Brazil's Economy Edges Up In August, But Momentum Stays Fragile


(MENAFN- The Rio Times) Brazil's economy inched forward in August as the Central Bank's monthly activity index (IBC-Br) rose 0.4% from July on a seasonally adjusted basis, after a revised 0.52% drop the month before.

The gain was smaller than the median market call of roughly 0.7% and leaves activity only 0.1% above August last year. For 2025 so far, the index is up 2.6%; over the 12 months through August, it has grown 3.2%. The figures were published on Thursday, October 16, 2025.

The story inside the headline: factories and services did the lifting while farming slipped.

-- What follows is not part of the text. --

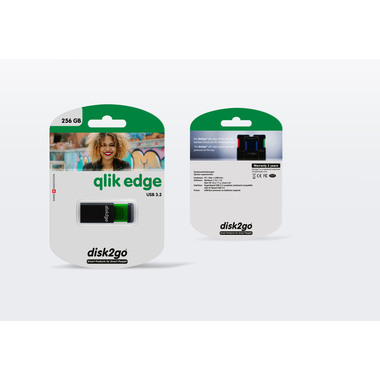 DISK2GO USB-Stick qlik edge 256GB 30006725 USB 3.0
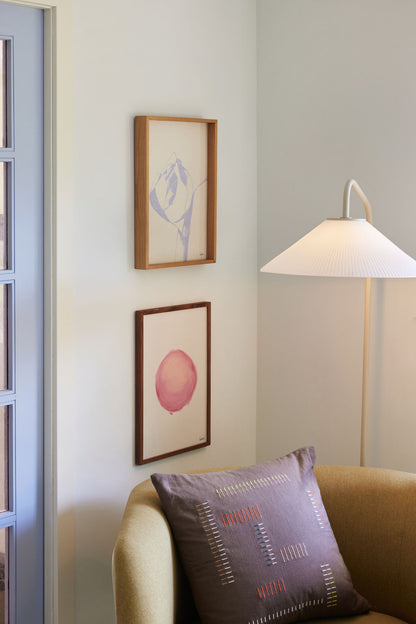 Hübsch solid gulvlampesand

Industry expanded 0.8% in the month and services rose 0.2%. Agriculture fell 1.9%, offsetting part of the improvement.

A taxes component increased 0.7%, and excluding agriculture the composite advanced 0.4%. Even so, the three-month moving average dipped 0.11%, and activity over the three months ended in August was about 1.0% lower than the prior three-month period-evidence that momentum remains soft.


Brazil's IBC-Br Signals Slow, Uneven Expansion
The story behind the story: IBC-Br is the Central Bank 's high-frequency proxy for growth, not the country's official GDP (which the statistics agency IBGE reports quarterly).

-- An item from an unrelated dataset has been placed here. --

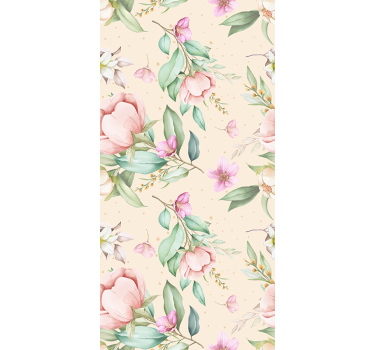 Blumen rollo für Balkon Originales blumenmuster - TenStickers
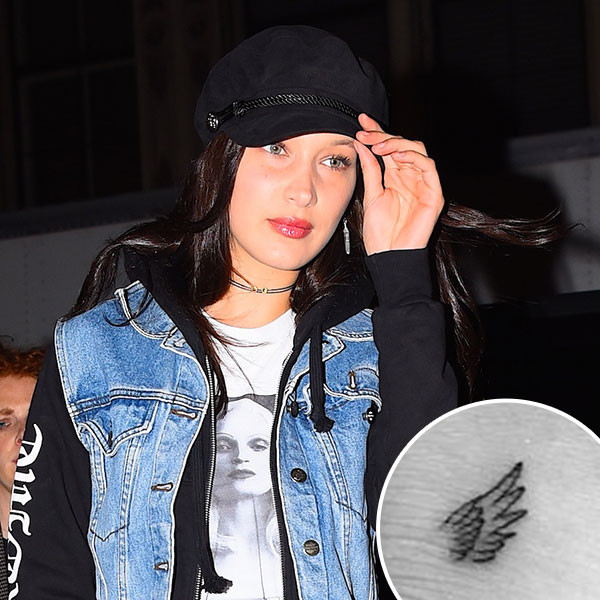 Bella Hadid Earns Her Own Pair of Angel Wings With Two New Tattoos | E ...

Because the two are built differently, month-to-month divergences-especially in sector breakdowns-are normal. What matters for decision-makers is the direction and persistence of the moves.

August's reading suggests Brazil is still expanding, but slowly: factories are stabilizing, services are inching forward, and agriculture is a drag.

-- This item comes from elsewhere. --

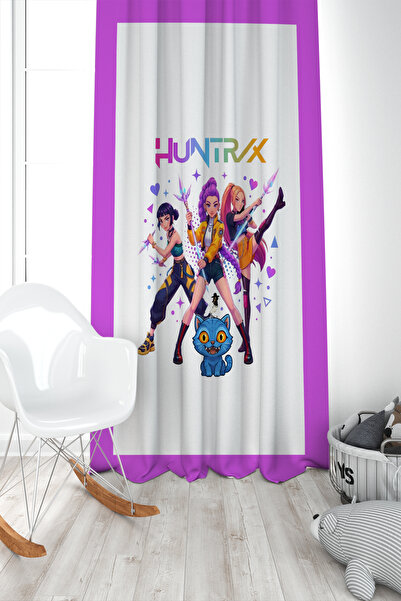 EVSEHOMES Huntrx Patterned Single Wing Background Curtain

Why this matters beyond Brazil: as Latin America 's largest economy and a major food and metals exporter, Brazil's growth path shapes regional trade, global commodity flows, and investment plans.

A modest, uneven upturn tends to keep hiring and capital spending cautious, which can temper import demand and delay large projects.

If industry and services keep improving and agriculture steadies, the quarterly GDP picture should firm; if not, the slowdown narrative persists.

Bottom line: a small step in the right direction, but not enough to declare a turn. The next few monthly prints-not one data point-will tell whether Brazil is regaining traction or merely catching its breath.